ASSIGNMENT => Beginning with the line that holds "A storyteller standing" in the data below, give again every line through the one that holds "YOSENING Cute Hello", exactly as written.

Crawled caption data =>
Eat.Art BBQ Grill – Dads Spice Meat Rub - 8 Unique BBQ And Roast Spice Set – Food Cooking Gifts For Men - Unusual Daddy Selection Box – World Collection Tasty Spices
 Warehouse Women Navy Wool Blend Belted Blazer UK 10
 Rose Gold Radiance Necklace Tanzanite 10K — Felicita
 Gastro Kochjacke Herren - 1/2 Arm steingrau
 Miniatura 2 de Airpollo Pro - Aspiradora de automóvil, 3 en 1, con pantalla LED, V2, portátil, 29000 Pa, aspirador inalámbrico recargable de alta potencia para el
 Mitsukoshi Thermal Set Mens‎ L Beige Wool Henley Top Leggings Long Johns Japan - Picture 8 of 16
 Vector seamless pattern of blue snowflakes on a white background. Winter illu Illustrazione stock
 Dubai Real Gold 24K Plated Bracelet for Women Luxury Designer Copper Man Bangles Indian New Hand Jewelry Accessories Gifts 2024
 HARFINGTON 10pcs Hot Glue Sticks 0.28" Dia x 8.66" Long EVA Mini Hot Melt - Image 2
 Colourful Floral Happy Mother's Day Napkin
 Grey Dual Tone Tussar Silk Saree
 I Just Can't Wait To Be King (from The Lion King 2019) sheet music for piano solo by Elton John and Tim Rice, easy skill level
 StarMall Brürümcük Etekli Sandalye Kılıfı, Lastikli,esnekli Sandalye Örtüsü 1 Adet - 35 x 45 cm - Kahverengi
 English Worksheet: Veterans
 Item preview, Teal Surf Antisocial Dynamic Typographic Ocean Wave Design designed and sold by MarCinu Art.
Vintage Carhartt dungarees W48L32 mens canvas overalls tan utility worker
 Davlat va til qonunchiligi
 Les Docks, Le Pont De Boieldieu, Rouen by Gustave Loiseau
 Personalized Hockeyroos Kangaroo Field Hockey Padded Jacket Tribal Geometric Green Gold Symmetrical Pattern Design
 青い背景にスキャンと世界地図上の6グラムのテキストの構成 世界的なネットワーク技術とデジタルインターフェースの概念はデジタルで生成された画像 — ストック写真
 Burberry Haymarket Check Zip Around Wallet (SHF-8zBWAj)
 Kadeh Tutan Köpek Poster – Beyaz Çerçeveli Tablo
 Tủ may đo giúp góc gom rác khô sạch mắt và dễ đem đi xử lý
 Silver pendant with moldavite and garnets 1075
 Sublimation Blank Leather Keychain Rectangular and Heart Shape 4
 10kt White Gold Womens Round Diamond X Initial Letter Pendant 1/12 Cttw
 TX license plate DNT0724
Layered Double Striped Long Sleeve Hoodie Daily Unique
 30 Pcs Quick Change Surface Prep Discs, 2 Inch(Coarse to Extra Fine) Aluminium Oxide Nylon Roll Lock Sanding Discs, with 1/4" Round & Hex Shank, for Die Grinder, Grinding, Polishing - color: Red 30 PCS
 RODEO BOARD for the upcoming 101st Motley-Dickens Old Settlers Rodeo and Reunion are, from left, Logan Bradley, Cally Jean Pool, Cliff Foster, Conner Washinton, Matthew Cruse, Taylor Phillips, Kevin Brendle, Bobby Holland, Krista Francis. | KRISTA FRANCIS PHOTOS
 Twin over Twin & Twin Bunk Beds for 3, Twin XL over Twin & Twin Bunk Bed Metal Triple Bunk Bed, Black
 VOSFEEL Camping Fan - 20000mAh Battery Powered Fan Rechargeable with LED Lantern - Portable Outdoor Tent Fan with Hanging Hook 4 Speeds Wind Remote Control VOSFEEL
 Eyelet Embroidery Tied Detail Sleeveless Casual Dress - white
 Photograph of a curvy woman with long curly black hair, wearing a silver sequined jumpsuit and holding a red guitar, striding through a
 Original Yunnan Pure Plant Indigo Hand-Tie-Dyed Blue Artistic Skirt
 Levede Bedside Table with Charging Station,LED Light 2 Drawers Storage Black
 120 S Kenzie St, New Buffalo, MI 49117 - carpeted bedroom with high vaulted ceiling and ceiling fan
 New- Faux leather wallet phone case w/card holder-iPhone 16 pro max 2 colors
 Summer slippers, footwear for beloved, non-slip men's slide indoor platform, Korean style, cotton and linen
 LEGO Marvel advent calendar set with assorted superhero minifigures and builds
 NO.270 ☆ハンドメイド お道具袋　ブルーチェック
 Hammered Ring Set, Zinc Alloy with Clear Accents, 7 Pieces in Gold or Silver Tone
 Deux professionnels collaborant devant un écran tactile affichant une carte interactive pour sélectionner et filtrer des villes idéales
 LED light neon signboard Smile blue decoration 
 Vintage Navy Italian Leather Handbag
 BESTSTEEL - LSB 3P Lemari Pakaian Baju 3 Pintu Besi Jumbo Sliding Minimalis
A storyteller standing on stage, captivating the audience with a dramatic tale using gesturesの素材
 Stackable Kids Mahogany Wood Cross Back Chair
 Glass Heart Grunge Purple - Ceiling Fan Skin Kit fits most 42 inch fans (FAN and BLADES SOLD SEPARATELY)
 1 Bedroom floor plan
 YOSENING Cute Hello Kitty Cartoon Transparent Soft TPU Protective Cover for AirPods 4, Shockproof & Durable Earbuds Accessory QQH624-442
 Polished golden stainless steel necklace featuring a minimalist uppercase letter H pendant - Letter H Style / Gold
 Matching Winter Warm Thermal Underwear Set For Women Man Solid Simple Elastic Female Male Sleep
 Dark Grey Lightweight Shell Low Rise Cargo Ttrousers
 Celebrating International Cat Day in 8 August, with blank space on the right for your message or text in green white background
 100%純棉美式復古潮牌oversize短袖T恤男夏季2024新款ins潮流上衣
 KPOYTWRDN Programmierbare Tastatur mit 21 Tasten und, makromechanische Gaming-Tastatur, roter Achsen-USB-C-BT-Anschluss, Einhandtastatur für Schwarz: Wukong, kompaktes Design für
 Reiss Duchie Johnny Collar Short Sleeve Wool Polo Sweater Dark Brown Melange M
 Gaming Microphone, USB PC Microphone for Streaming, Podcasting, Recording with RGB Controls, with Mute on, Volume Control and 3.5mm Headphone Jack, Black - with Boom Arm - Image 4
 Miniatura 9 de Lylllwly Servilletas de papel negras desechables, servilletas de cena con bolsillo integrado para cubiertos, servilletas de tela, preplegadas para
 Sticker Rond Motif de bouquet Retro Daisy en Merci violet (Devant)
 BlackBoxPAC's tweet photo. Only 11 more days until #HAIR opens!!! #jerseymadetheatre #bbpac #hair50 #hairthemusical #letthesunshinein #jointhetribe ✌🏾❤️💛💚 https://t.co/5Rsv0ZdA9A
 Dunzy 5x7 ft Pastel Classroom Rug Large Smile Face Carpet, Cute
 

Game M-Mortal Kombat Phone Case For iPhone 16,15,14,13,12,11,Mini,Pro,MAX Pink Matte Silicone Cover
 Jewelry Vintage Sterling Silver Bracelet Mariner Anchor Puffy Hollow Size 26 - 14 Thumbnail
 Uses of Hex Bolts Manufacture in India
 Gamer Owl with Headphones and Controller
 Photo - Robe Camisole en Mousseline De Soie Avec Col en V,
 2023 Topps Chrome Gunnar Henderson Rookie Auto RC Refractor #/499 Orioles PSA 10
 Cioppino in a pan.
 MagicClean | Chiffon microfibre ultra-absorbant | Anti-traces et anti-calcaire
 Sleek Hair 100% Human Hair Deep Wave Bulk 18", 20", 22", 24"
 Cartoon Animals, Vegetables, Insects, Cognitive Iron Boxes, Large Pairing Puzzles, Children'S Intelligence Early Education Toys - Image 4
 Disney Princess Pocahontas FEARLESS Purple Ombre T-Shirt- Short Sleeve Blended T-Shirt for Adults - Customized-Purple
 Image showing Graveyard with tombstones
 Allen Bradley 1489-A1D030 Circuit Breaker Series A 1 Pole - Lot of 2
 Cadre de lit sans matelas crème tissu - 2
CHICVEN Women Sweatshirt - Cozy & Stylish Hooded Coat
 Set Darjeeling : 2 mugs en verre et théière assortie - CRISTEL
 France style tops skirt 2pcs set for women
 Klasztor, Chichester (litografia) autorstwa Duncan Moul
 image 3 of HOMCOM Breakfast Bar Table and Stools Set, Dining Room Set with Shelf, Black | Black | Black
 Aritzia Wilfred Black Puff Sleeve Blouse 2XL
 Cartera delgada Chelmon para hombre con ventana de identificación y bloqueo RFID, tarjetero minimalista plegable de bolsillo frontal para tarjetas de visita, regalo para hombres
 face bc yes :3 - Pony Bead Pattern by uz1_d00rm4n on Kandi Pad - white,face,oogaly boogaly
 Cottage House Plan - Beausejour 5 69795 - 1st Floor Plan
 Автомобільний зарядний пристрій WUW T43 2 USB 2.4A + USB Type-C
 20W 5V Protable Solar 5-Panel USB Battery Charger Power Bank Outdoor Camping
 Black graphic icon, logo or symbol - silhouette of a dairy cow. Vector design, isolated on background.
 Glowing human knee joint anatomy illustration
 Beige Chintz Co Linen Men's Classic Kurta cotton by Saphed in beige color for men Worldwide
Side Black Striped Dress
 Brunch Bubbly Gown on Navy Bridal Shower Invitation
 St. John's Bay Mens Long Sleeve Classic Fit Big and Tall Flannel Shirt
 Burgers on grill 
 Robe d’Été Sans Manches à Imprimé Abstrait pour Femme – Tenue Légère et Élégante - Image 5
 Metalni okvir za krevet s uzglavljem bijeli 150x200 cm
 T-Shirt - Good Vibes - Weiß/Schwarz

WRITTEN REPLY =>
A storyteller standing on stage, captivating the audience with a dramatic tale using gesturesの素材
 Stackable Kids Mahogany Wood Cross Back Chair
 Glass Heart Grunge Purple - Ceiling Fan Skin Kit fits most 42 inch fans (FAN and BLADES SOLD SEPARATELY)
 1 Bedroom floor plan
 YOSENING Cute Hello Kitty Cartoon Transparent Soft TPU Protective Cover for AirPods 4, Shockproof & Durable Earbuds Accessory QQH624-442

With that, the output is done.